◆ What you need to do: Give back every line of the data exactly. Pictures are not part of the copy.

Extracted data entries
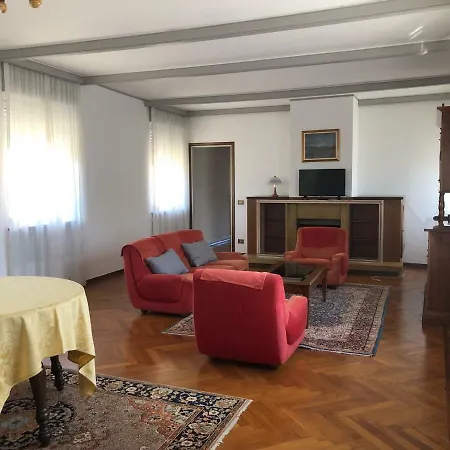 La Fontana Отель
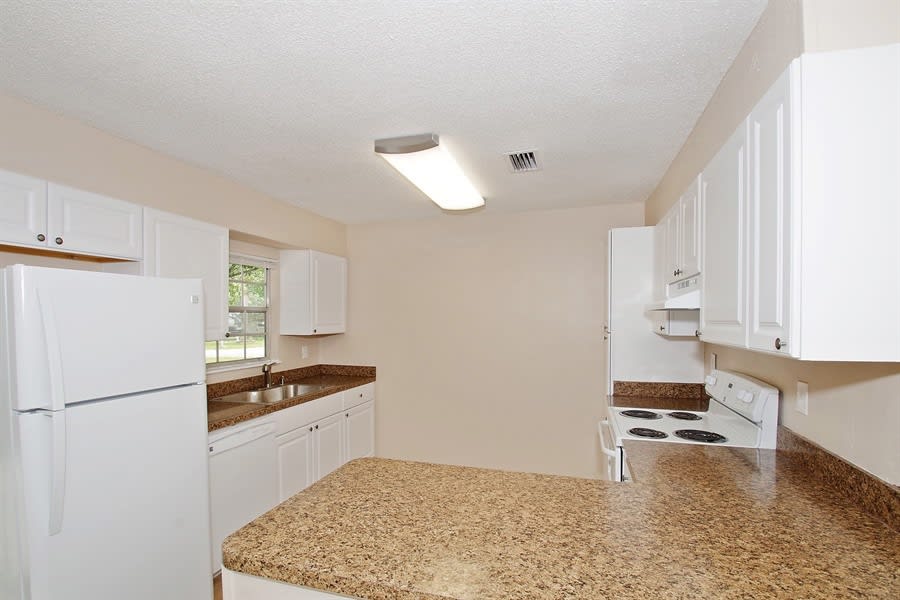 2 Juniper Ln photo 4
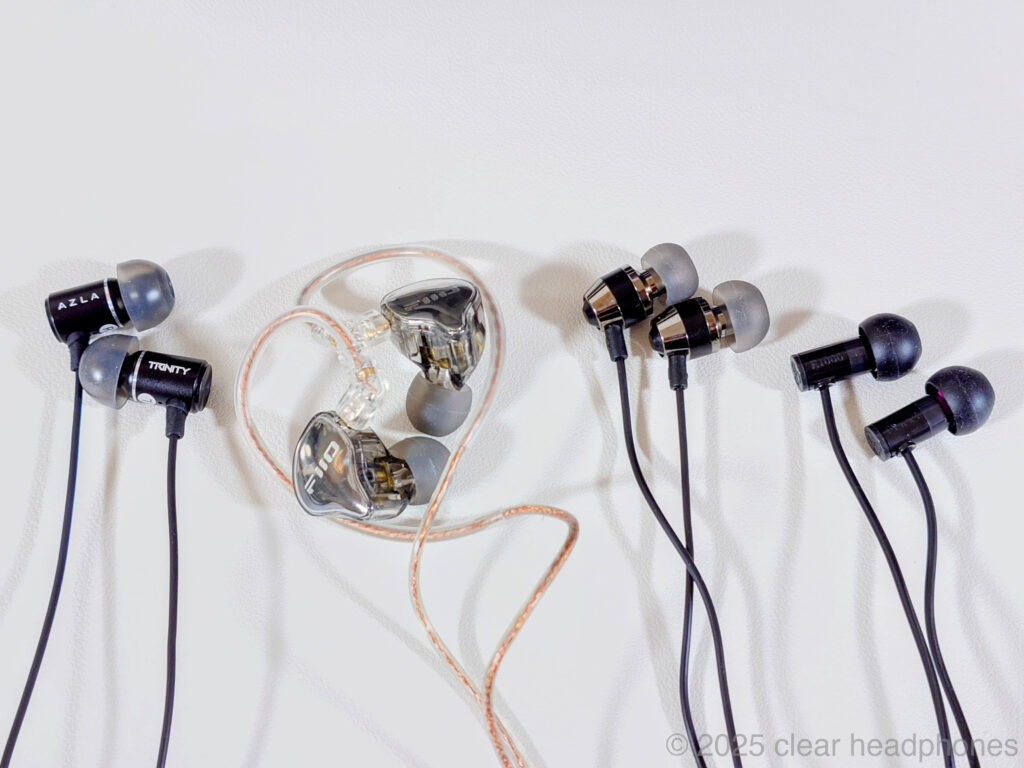(左から)AZLA TRINITY、FIIO JD10、有線ピヤホン1、final E1000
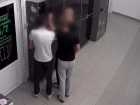 Зумеры по-тихому ограбили волгоградский вейп-шоп: видео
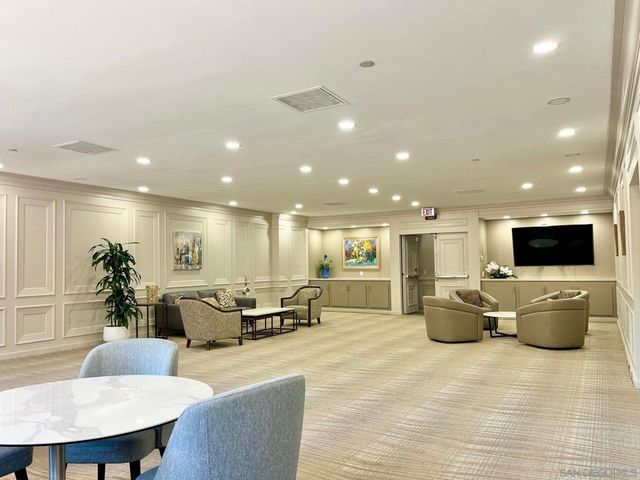 230 W Laurel St 204, San Diego, CA 92101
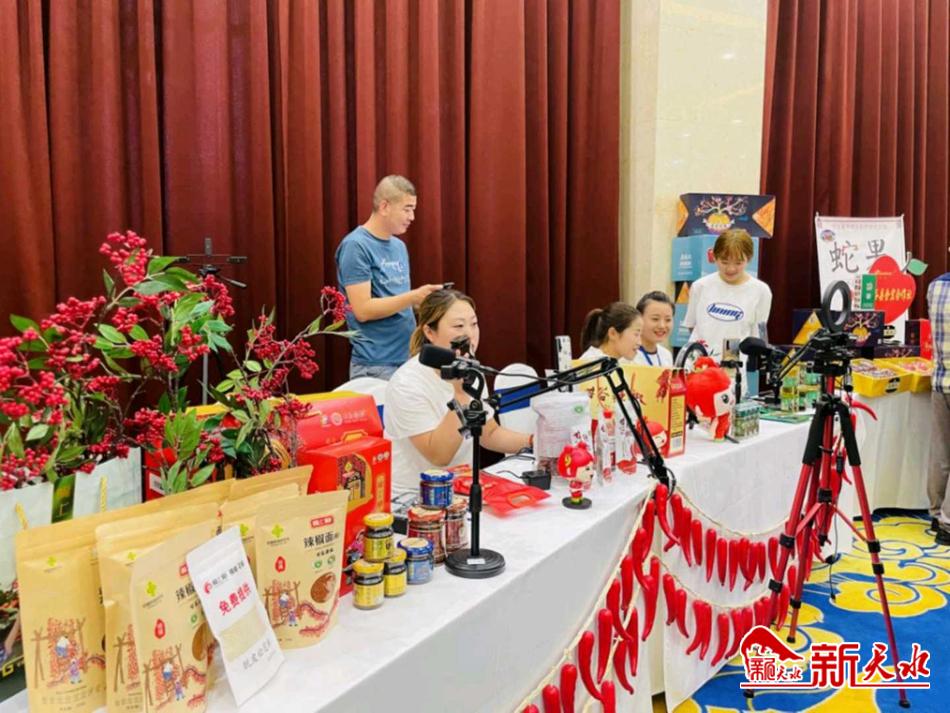 downloadjpg (42).jpg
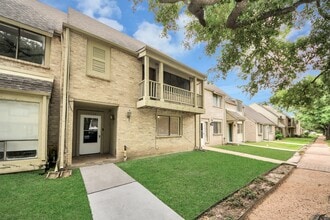 Building Photo - 15534 Weldon Dr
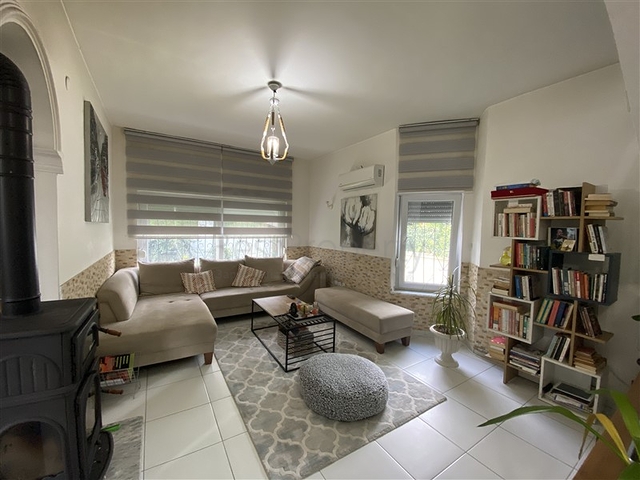 Spacious 3+1 villa 250m from the sea in Konakli district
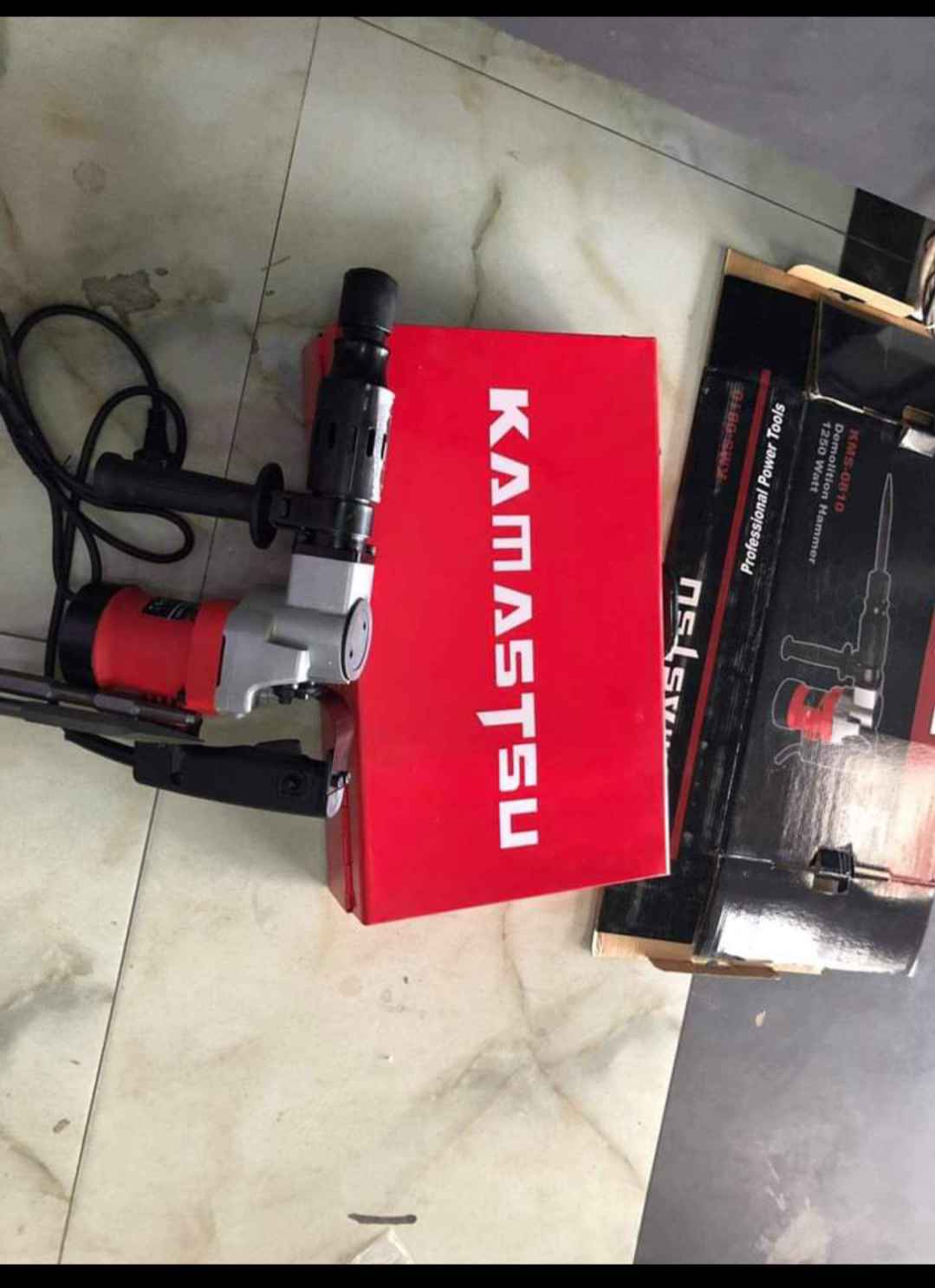 Máy Đục Bê Tông Kamastsu KMS 0810 1250W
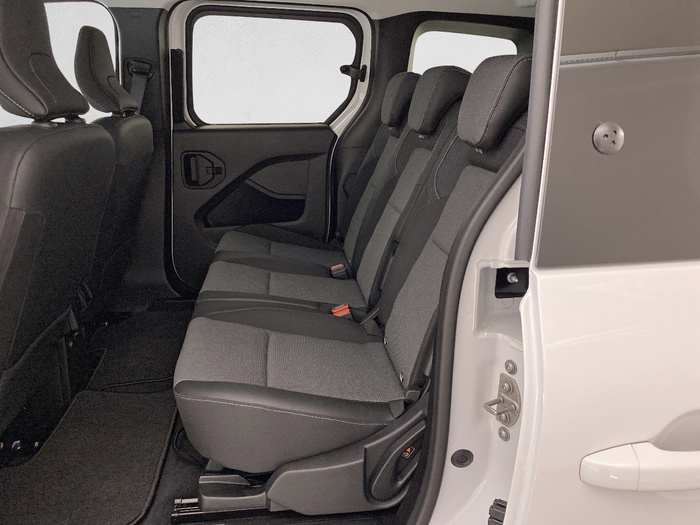 Renault Kangoo Combi Equilibre L1 E-Tech 90 kW (122 CV) - 9 Renault Kangoo Combi Equilibre L1 E-Tech 90 kW (122 CV) - 9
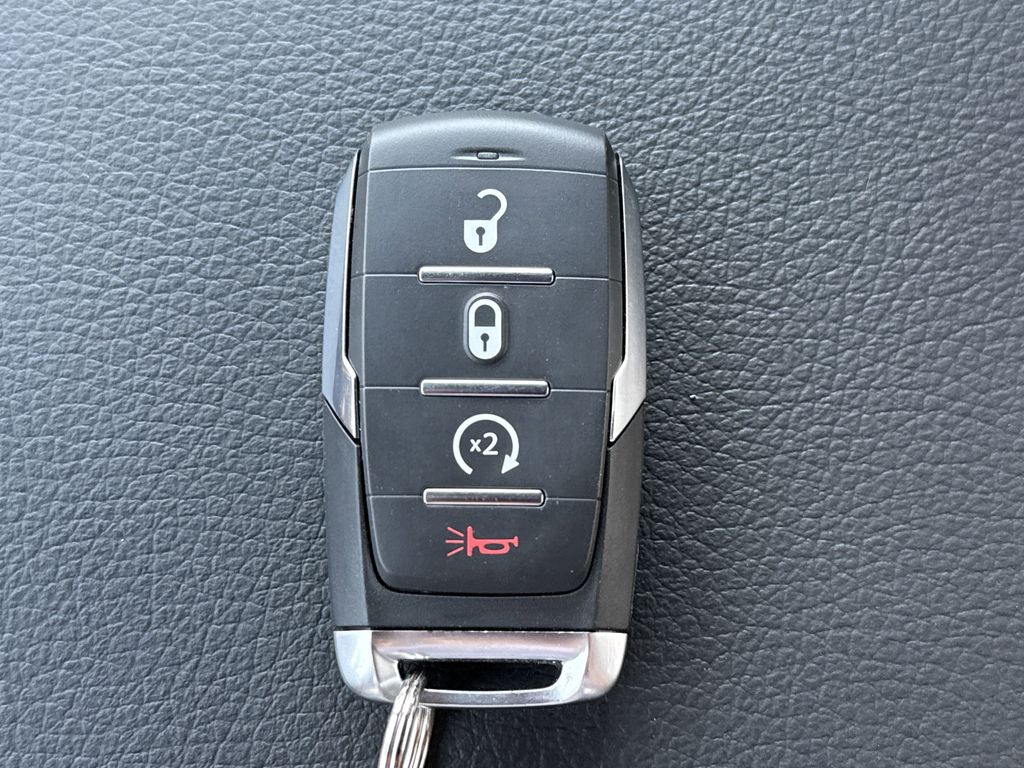 2025 RAM 2500 Big Horn - Photo 27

◆ Solution to this exercise:
 La Fontana Отель
 2 Juniper Ln photo 4
(左から)AZLA TRINITY、FIIO JD10、有線ピヤホン1、final E1000
 Зумеры по-тихому ограбили волгоградский вейп-шоп: видео
 230 W Laurel St 204, San Diego, CA 92101
 downloadjpg (42).jpg
 Building Photo - 15534 Weldon Dr
 Spacious 3+1 villa 250m from the sea in Konakli district
 Máy Đục Bê Tông Kamastsu KMS 0810 1250W
 Renault Kangoo Combi Equilibre L1 E-Tech 90 kW (122 CV) - 9 Renault Kangoo Combi Equilibre L1 E-Tech 90 kW (122 CV) - 9
 2025 RAM 2500 Big Horn - Photo 27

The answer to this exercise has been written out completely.